Un giovane, Kang-do, lavora con uno strozzino e vive in uno squallido e sporco bugigattolo ma ha la faccia charmant e indossa un giubbotto di pelle glamorous, alla Arthur Fonzarelli di Happy Days. La “madre”, inizialmente vestita di rosso, per meglio incarnare un’esistenza votata al dolore o predestinata allo stesso, come fosse la Vergine - anche troppo giovane come fosse Maria nata dal genio di Michelangelo - è un personaggio monocorde come il “suo bambino”, accetta ogni cosa passivamente. Il regista rifiuta, nel suo film, una lettura del rapporto madre-figlio come rapporto a due: per lui si tratta di una triade, dove il vero protagonista è il denaro. Pur dentro questi limiti strutturali, tuttavia, l’attrice co-protagonista della opera di Ki-Duk, Cho Min-soo, è all’altezza del compito nell’interpretare il difficile personaggio di Mi-sun.
Eppure, la crescita psicologica dei personaggi è un po’ tirata via, in questo onirico rapporto tra madre e figlio ritrovato.
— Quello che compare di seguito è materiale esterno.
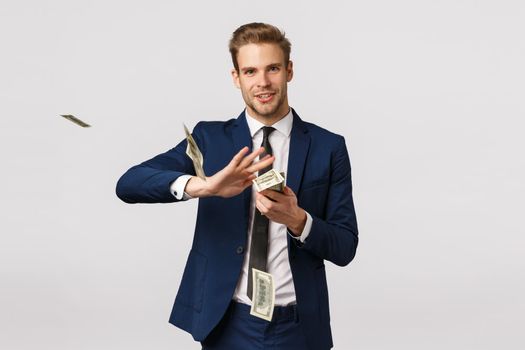 Success, money and finance concept. Handsome confident, blond bearded businessman in suit, holding cash and throwing money in air with pleased, satisfied expression, wasting dollars.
Tutto è crudo, costantemente e freddamente crudo: lo stupro del figlio ai danni della genitrice – un Edipo moderno? Difficile crederlo! In Sofocle le ragioni dell’incesto, inconsapevole, c’erano eccome e non nascevano dalla violenza! - la brutalità di farle mangiare un pezzo di carne tagliatosi davanti a lei, per strapparle un rifiuto o per scovare un segnale che faccia di lei una mentitrice. Tutti crimini inaccettabili, esplorati tanto nell’iter pubblico quanto in quello privato di un’esistenza, quella di Kang-do, vuota su tutti i fronti. La mamma non demorde, però, e si fa accettare passando su tutto. È molto più alto il suo fine, molto più forte il suo dolore, molto più pungente l’onore infangato. La parabola del figliol prodigo è rovesciata, nella pellicola coreana, non serve a redimere quanto a colpire più a fondo.
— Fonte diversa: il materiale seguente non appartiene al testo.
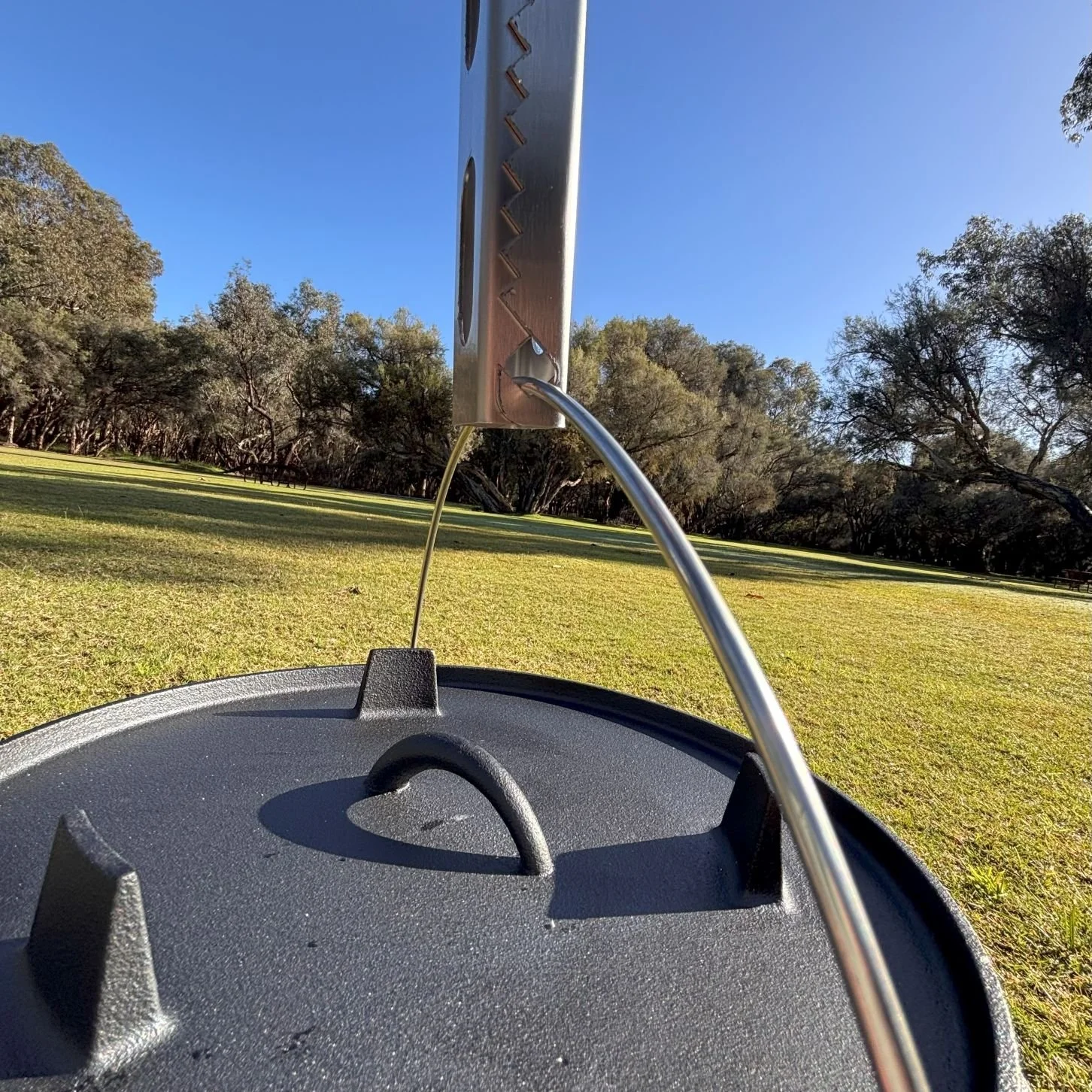 Tongs for Tossers has a tight and safe grip on the camp oven handle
Pieta non convince unanimemente, anche se ha un geniale colpo di scena finale da vero maestro. La violenza non è sempre drammaturgicamente necessaria e non nasce mai la domanda sul perché un figlio venga abbandonato da sua madre alla nascita, per ripresentarsi nella vita del mostruoso e crudelissimo trentenne, al fine di redimerlo. Lo redimerà? Mah! Nel redimere la sua cattiveria, legandolo a sé e liberandolo dall’impenetrabile scorza di anaffettività, colpirà nel segno e salverà così l’onore oltraggiato.
È l’apologia del denaro, in nome del quale ci si permette ogni tipo di ignominia, ma più perfido del Dio denaro è il sentimento di vendetta che vince sul denaro, perché nasce dentro il cuore di una madre addolorata. Dunque, è il sentimento materno in scena nel film, il legame più forte in assoluto, che attraverso morte e dolore trova la sua giustizia. L’idea è espressa in modo originale, tutto sommato, con immagini crude e a volte gratuite, però. Certamente, il montaggio analogico risulta sapiente e raffinato: il coniglio preso come “acconto”, il pennuto morto offerto dalla “mamma”, l’anguilla che si contorce, la lisca di pesce inquadrata subito dopo il suicidio iniziale, i resti di una misteriosa carogna in casa di Kang-do. Infine, uno dei meriti del regista è stato di aver dimostrato come si possa fare un film di qualità, con pochi soldi e pochi personaggi.